**Dataset content:**
^^^^
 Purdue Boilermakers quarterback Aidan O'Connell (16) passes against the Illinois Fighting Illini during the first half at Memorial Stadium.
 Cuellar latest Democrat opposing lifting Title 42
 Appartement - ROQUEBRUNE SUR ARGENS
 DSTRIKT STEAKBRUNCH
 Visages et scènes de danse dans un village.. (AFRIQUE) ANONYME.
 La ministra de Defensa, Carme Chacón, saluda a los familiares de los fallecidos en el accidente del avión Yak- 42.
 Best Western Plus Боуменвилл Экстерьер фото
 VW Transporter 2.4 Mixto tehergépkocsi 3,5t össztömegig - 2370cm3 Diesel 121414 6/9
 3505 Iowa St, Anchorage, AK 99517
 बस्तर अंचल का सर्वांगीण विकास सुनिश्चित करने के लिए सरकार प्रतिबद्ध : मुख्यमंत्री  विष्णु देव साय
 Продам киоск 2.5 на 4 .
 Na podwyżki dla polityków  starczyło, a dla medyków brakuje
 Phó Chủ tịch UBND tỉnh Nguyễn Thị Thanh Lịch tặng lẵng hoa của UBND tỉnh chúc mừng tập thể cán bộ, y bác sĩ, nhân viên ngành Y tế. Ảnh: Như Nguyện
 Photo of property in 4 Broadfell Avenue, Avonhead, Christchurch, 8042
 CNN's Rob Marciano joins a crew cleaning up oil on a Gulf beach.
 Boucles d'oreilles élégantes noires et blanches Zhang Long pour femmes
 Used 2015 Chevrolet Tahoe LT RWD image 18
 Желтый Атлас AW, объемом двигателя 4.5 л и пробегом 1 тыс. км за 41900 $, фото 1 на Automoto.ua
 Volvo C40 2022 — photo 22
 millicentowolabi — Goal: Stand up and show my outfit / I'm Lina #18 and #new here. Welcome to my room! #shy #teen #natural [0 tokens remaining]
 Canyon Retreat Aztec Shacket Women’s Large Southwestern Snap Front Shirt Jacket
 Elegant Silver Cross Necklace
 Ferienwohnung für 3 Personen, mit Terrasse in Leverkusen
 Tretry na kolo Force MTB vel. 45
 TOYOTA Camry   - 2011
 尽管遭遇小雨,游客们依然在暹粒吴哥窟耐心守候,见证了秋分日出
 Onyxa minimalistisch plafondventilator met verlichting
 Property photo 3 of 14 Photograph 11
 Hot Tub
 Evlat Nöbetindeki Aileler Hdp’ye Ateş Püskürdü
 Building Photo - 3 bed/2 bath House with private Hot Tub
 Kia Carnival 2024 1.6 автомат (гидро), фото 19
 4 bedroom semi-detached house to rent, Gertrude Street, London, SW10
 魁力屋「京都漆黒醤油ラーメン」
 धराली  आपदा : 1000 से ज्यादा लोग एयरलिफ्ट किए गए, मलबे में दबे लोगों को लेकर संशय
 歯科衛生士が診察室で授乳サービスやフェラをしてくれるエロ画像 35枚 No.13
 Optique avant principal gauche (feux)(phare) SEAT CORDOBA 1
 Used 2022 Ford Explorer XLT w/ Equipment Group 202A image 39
^^^^
**Task requirements:** Could you state how many lines of the records contain "image"? Give the number and nothing else.

**Result of the exercise:** 2